A dangerous game of bluff. Kevin Rudd was no doubt pleased this morning with the headlines that resulted from his deputy Julia Gillard paying a visit to the ACTU Congress: “Gillard booed at ACTU meeting” — Adelaide Advertiser; “Gillard refuses to bow to union anger” — Sydney Morning Herald; “Union fury as Gillard talks tough” — Melbourne Age; “Unions threaten Labor on IR laws” — The Australian; “Unions demand to know where MPs stand over Queensland assets sale” — Brisbane Courier Mail. All the papers conveyed the message that Labor has decided best suits its electoral chances — we are no longer a party beholden to trade union bosses.
The thinking behind this strategy is easy enough to see. The best place to win a government majority is by occupying whatever is the middle ground on any issue — to place yourself in the median position of public opinion. With their declining membership and hence relevance to a majority of even working people, trade unions are well out of the mainstream. Having unions criticise you is thus probably a vote winner but there is one major proviso.

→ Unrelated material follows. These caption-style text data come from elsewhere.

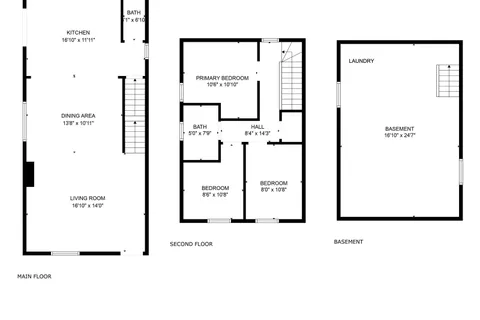 15 East 24th Street, Hamilton, ON L8V 2X8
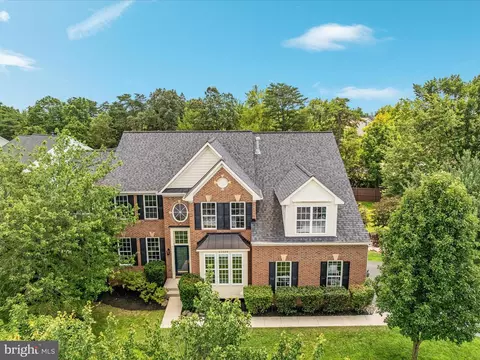 Exterior - 21424 Glebe Vw, Broadlands, VA 20148 photo 13 of 15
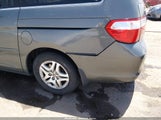 Honda Odyssey Ex-L 5FNRL38697B439170 снимка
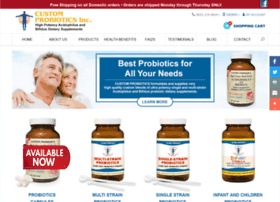 customprobiotics.net
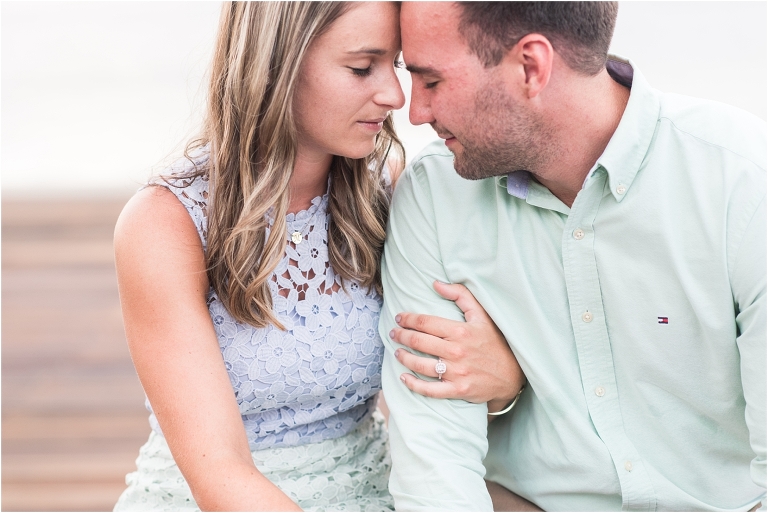 Baltimore Tide Point Federal Hill Engagement-10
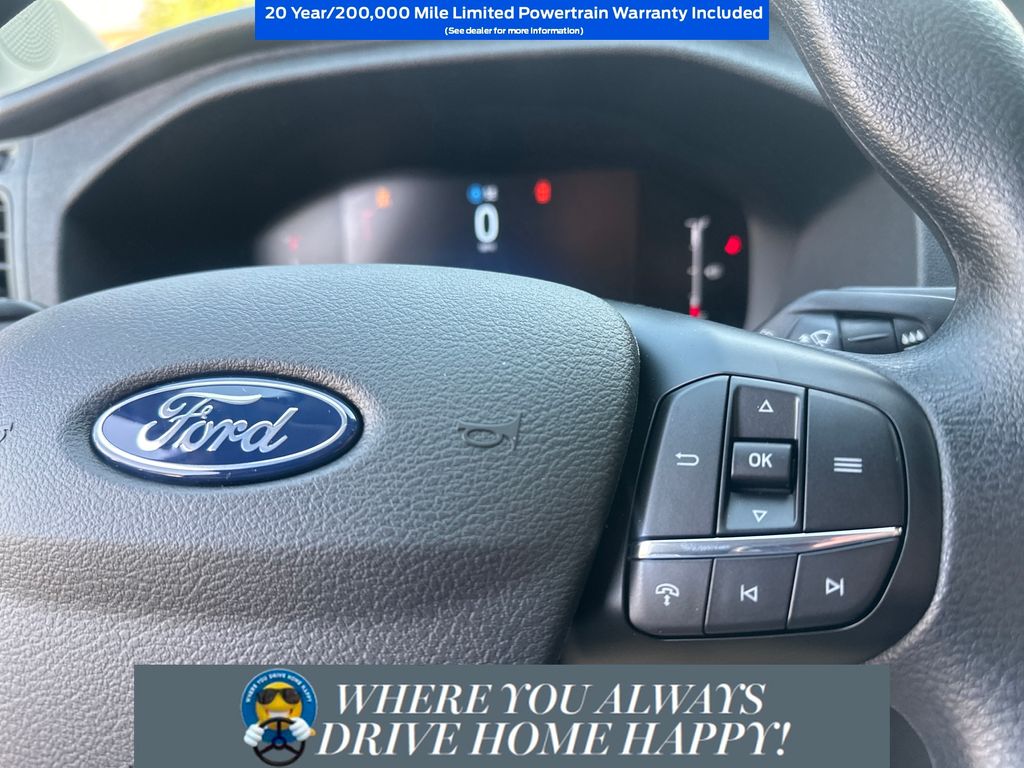 New 2026 Ford Transit 150 - photo 14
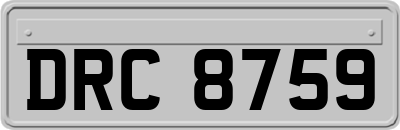 DRC8759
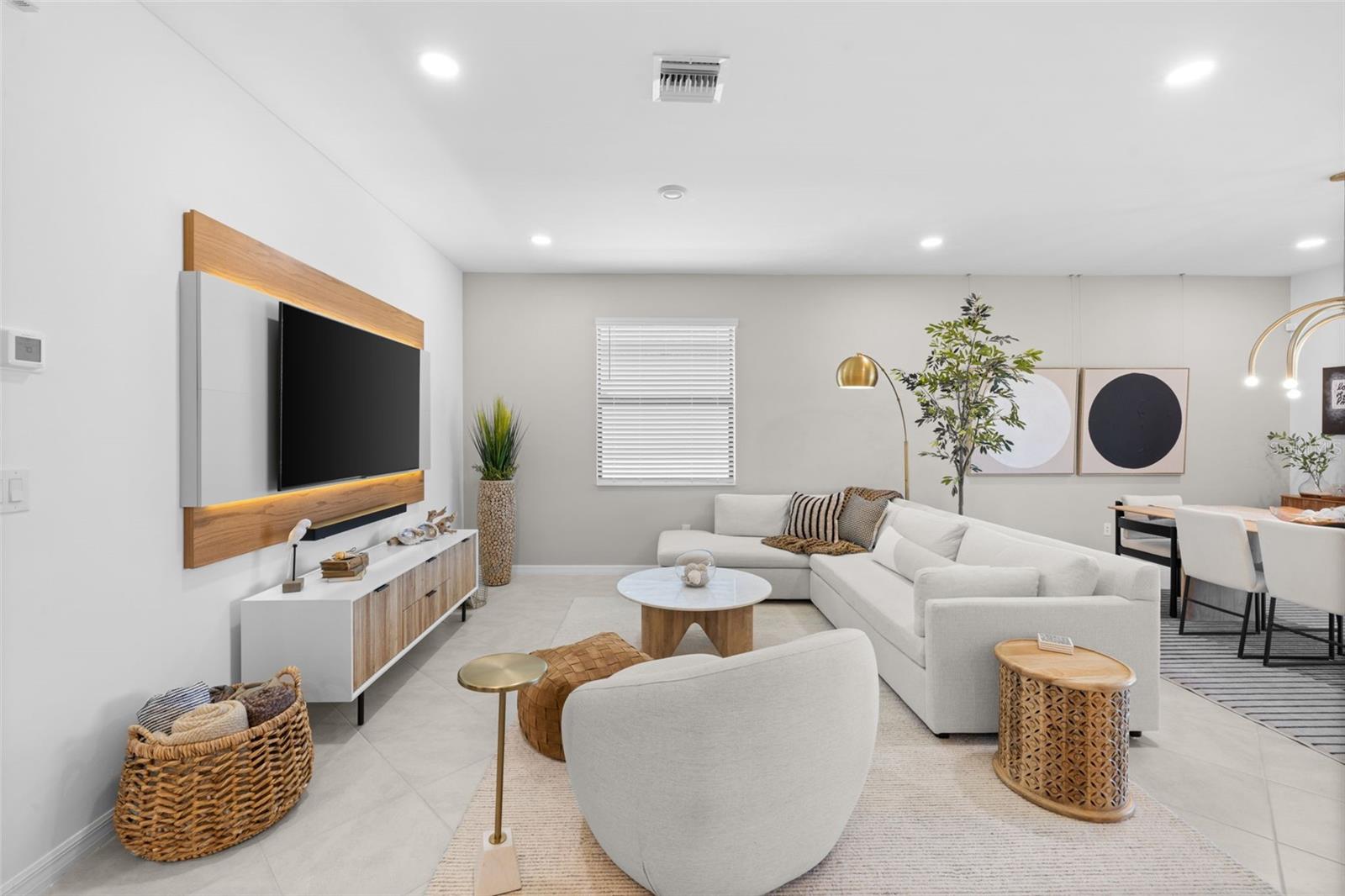 MURDOCK VILLAGE - Residential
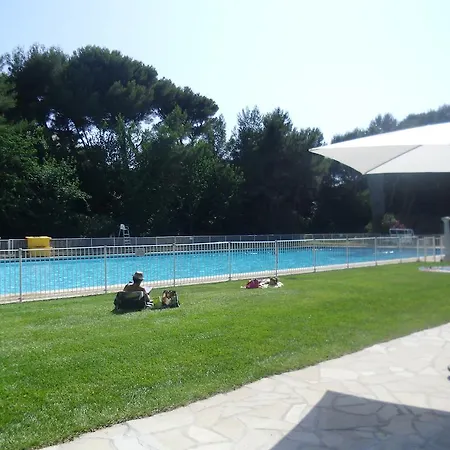 Apartamento Domaine De La Coudouliere *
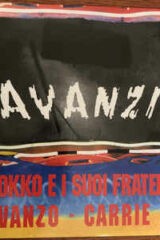 Avanzi - Rokko e i suoi fratelli & C. (LP)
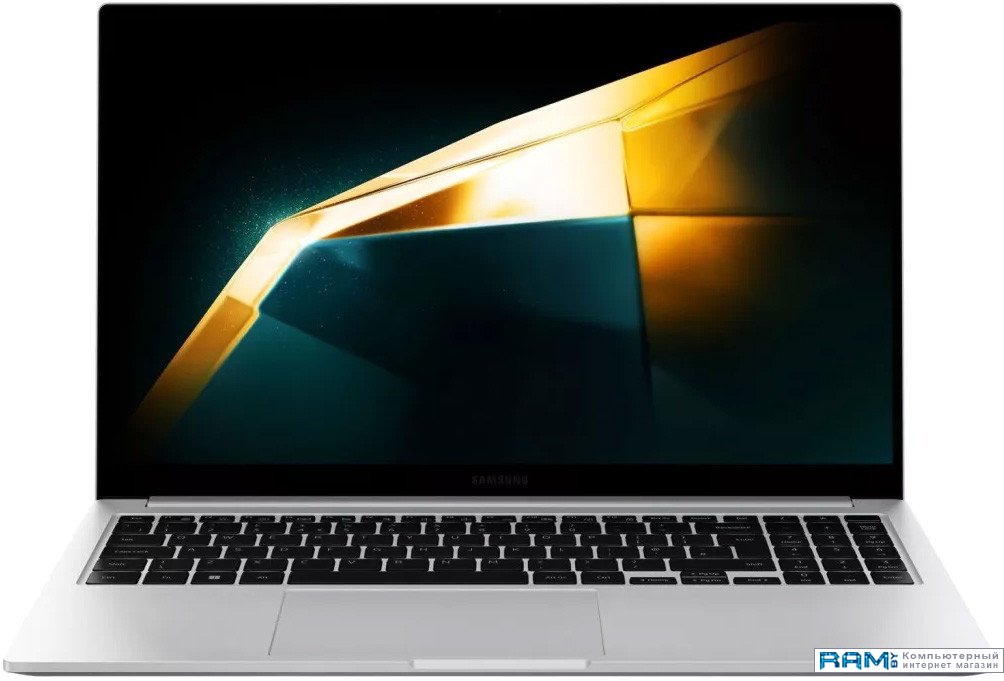 

Samsung Galaxy Book4 15.6 NP750XGK-KS2US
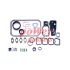 KOMPLET USZCZELEK SILNIKA MV PARTS 8520001 NEW HOLLAND F4HE9484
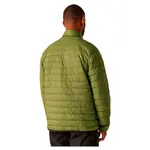 Куртка Regatta Hillpack II, зеленый - фото 2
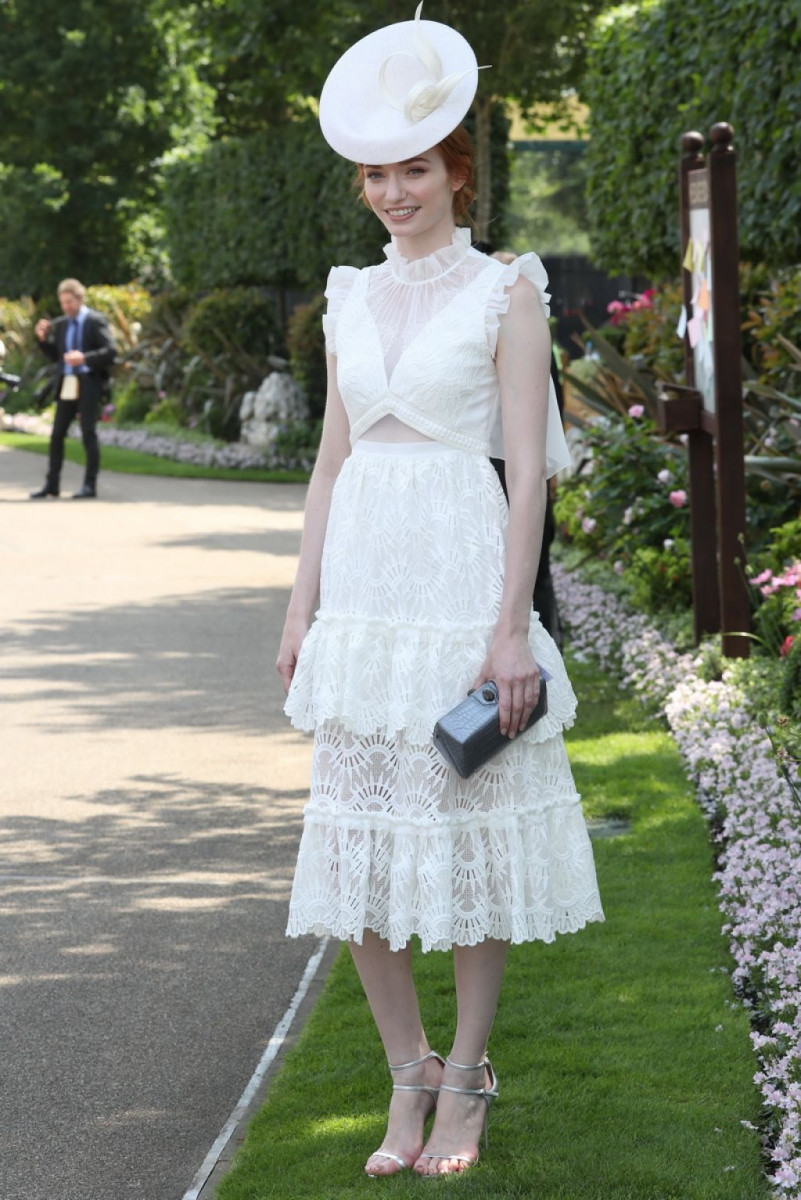Eleanor Tomlinson: pic #945222
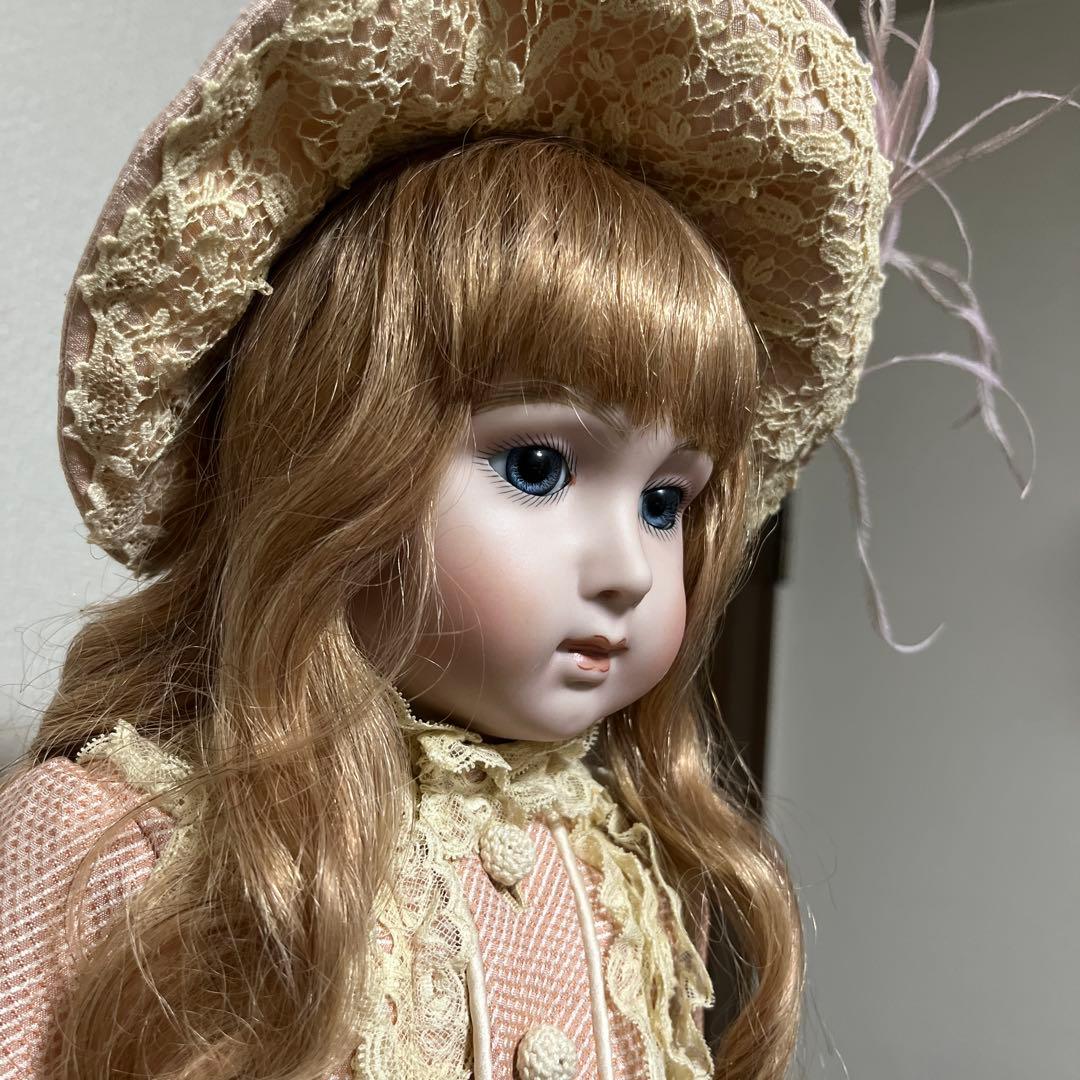 ロングフェイスジュモー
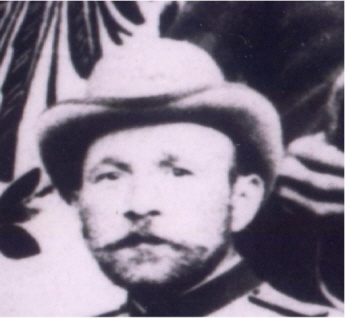 D01 Karl Julius Kliesch 1885-1925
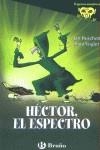 HECTOR, EL ESPECTRO | 9788421690925 | BURCHETT/VOGLER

The assumption of the Prime Minister’s advisers is that the union movement when it finally comes to a crunch at election time have nowhere else to go but to support Labor. While Minister Gillard is refusing to make all the decisions the ACTU would like, a Coalition Government would be far more anti-union but only if it could get its way with the Senate. Which is where that proviso lies. Ensuring that the Greens have a majority in the Senate — and, even better, that they have a few members in the House of Representatives as well — is every bit s good an insurance policy for the union movement as having Labor in government.
In the campaign which the Rudd-Gillard team won in 1987 it was the union movement that provided a major part of the funds. Next time around, spending even a quarter or 20% of that amount on a campaign for the Greens should be enough to ensure that whether it is Labor or the Coalition with a majority in the House of Representatives it is the Greens with the balance of power in the Senate.
The Prime Minister is playing a dangerous game of bluff.
And how bad are the unions? No trace yet that the modest changes Labor has made to industrial relations law in favour of trade unions is resulting in the kind of industrial upheaval that the Coalition predicted. Figures out from the Australian Bureau of Statistics this morning show the number of days lost from industrial disputes is below that when the Howard Government was still in office.
Some snippets of good economic news. India’s economy grew 5.8% in the first three months of this year compared with the same period last year. This, the BBC reports, was better than had been expected. China this morning’s edition of the English language China Daily said that an executive meeting of the State Council presided over by Premier Wen Jiabao on Wednesday was told that, signaling a recovery in China’s employment market, 3.65 million urban residents found new jobs in the first four months of the year.
Growth in these two major Asian economies will largely determine whether Australia continues to stay out of the world’s generally recessionary clutches and here there are also some encouraging signs with a range of metal prices having rallied from their lows over the last year as these graphs from the London Metal Exchange show:
Another major export income earner — the tourist industry — also appears well and truly over the worst.
Population growing rapidly. Annual population growth rate for the year ended 31 December 2008, at 1.91% was the fastest annual growth rate for a year ended 31 December since the Australian Bureau of Statistics started calculating an estimated resident population (ERP) back in 1971. The figures out this morning put the 31 December 2008 population at 21,644,000 persons, an increase of 406,100 since 31 December 2007. Natural increase for the 12 months was 152,700 persons, an increase of 3.1% on the previous year. The net overseas migration estimate was 253,400 persons.